Obsesi Asmara

By ainiay12

1.8M 120K 52.6K

[PRIVAT ACAK - FOLLOW SEBELUM BACA] - OBSESI, HUBUNGAN TERLARANG, PERSAINGAN BISNIS, PERSAHABATAN, TOXIC RELA... More

| PROLOG |
1. PERTEMUAN SINGKAT
2. BALAPAN
3. KETERTARIKAN
4. IDENTITAS
5. PERINGATAN KECIL
6. PULANG BARENG
7. MENGALAHKAN EGO
8. OFFICIAL?
9. SENTUHAN
10. TERUNGKAPNYA FAKTA & KEHILANGAN
11. DUBAI
12. UNDANGAN
13. BERTEMU KEMBALI
14. PEREMPUAN LICIK
15. MISI & LAKI-LAKI LAIN?
16. EKSEKUSI
17. HOTEL PRIMLAND
18. SISI YANG BERBEDA
19. PERTEMUAN KEDUA
20. PEMBATALAN INVESTASI
21. CUCU PEMILIK SEKOLAH
22. PESTA
23. CINTA SATU MALAM
24. REKAMAN
25. LOVE OR OBSESSION?
26. SATU ATAP BERSAMA
27. APARTEMEN
28. MENGAKHIRI & AWAL YANG BARU
29. HILANG DAN KECURIGAAN
30. PENGAKUAN & PENOLAKAN
31. TANDA-TANDA MULAI BUCIN?
32. MEMENDAM ATAU MENGUNGKAPKAN?
33. MY GIRLFRIEND
34. VICTORIA GROVE CLUB
35. HANYA PELAMPIASAN?
36. PUTUS HUBUNGAN?
37. SIMPANAN OM-OM?
39. PENCULIKAN
40. BALIKAN
41. PENYESALAN
42. RASA YANG TAK TERBALAS
43. TERBONGKAR

38. BENAR-BENAR BERAKHIR

16.8K 1.3K 1K
By ainiay12

Follow terlebih dahulu akun di bawah ini;
Instagram: wattpad.aii
Tiktok: wattpad.ai & wattpad.ay

Diwajibkan untuk vote dan komen sebelum membaca cerita ini!

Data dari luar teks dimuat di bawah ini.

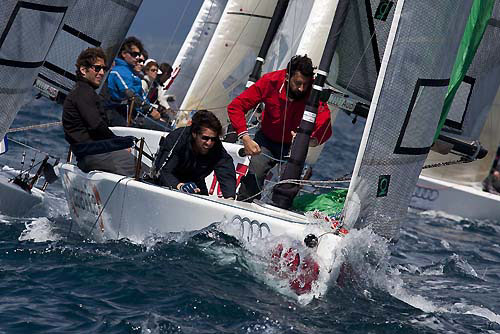 Marina di Scarlino, 17/04/11. Audi Melges 20. Lucifero. Photo copyright Luca Butto' for Stuido Borlenghi.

Jangan lupa komen di setiap paragraf!

Ramaikan cerita ini ke teman-teman kalian dan sosmed kalian dengan memakai hastag #obsesiasmarawattpad #bianastara #aloraaleandra

Hari ini tepat seperti perkataan Alora yang katanya dia akan ke kantor Arkatama Corp untuk mengetahui sendiri bagaimana kondisi di perusahaannya.

Pukul tujuh pagi Alora sudah siap dengan setelan jas hitam yang semakin membuat dirinya terlihat berwibawa.

Jovan hari ini tidak ke kantor karena dia ingin menjaga istrinya yang kurang sehat, lagi pula dia percaya kalau Alora bisa mengatasi situasi kacau yang terjadi di perusahaan.

Alora ke luar pintu utama kediaman keluarga Arkatama dengan membawa tas di tangannya dan sebuah tablet yang berisi data-data perusahaan untuk memantau keadaan Arkatama Corp.

Alora benar-benar terlihat seperti orang yang berbeda. Aura kepemimpinan itu terlihat jelas dalam diri gadis itu. Angkuh dan percaya diri.

Gadis itu masuk ke dalam mobil dan di antarkan oleh supir pribadinya, untuk beberapa hari ke depan ia malas untuk membawa kendaraan sendiri.

Mobil hitam itu berlalu pergi setelah pintu gerbang dibuka oleh kedua penjaga di rumah Alora, baru saja mobil hendak berbelok tiba-tiba sang supir mengerem mendadak karena di hadang motor yang berhenti di depannya.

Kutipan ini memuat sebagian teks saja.